Dostoiévski é atualíssimo em toda a sua obra, e principalmente em Memórias do Subsolo, de 1864. Lá se vê um homem sofrido, revoltado, cansado de lutar por um mundo de verdades e não por uma civilização da mentira, do roubo, do assalto, da miséria e do desrespeito a todos direitos humanos. Estamos atravessando em nosso Brasil, a camada vergonhosa da cultura da corrupção e da falta de amor ao homem e ao social. Levantam-se escândalos, falcatruas, mentiras, perversidades que lembram o grande e universal escritor russo escrever em Memórias sob a pena de Pareyson: “As Memórias do Subsolo são o urro de terror do homem que, de repente, descobre ter sempre mentido e feito uma comédia, quando dizia que a finalidade da existência é servir o último dos homens”.

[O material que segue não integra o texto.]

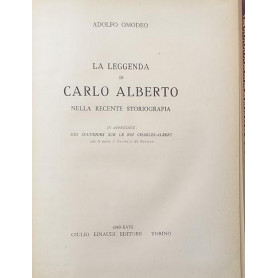 La leggenda di Carlo Alberto nella recente storiografia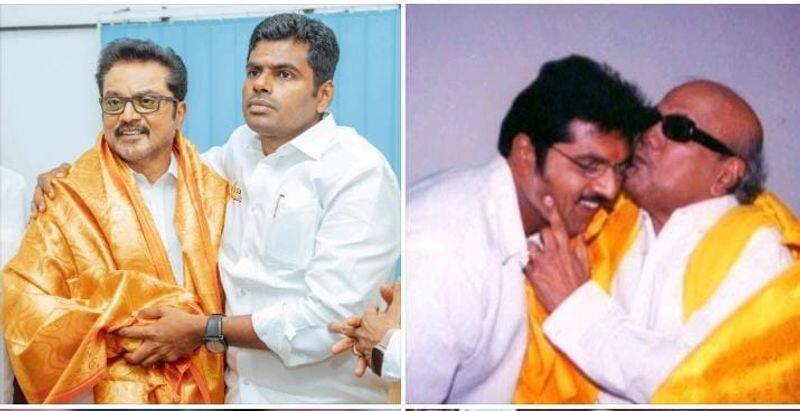 Sarathkumar merged Samadtva Makkal Party with BJP KAK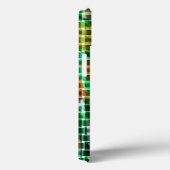 緑色の曲がったスタイルの上にバスケットを置く Case-Mate iPhoneケース (裏面 / 右)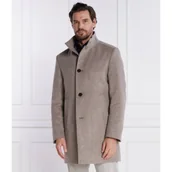 Płaszcze męskie - Joop! Wełniany płaszcz Maron - miniaturka - grafika 1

Oxalá, diante do quadro brasileiro de instabilidade democrática, possa tentar reverter um pouco essa situação, agora, às vésperas de uma eleição, que só terá sentido se pudermos eleger pessoas com princípios éticos e políticos. Chega de uma herança crônica dos tempos do “Coronéis”. Relendo as Memórias, não devemos esquecer que Dostoiévski falava em descobrir a verdade: “…a saber, o quanto era falsa e mentirosa a adocicada compaixão do humanismo filantrópico e idealista…”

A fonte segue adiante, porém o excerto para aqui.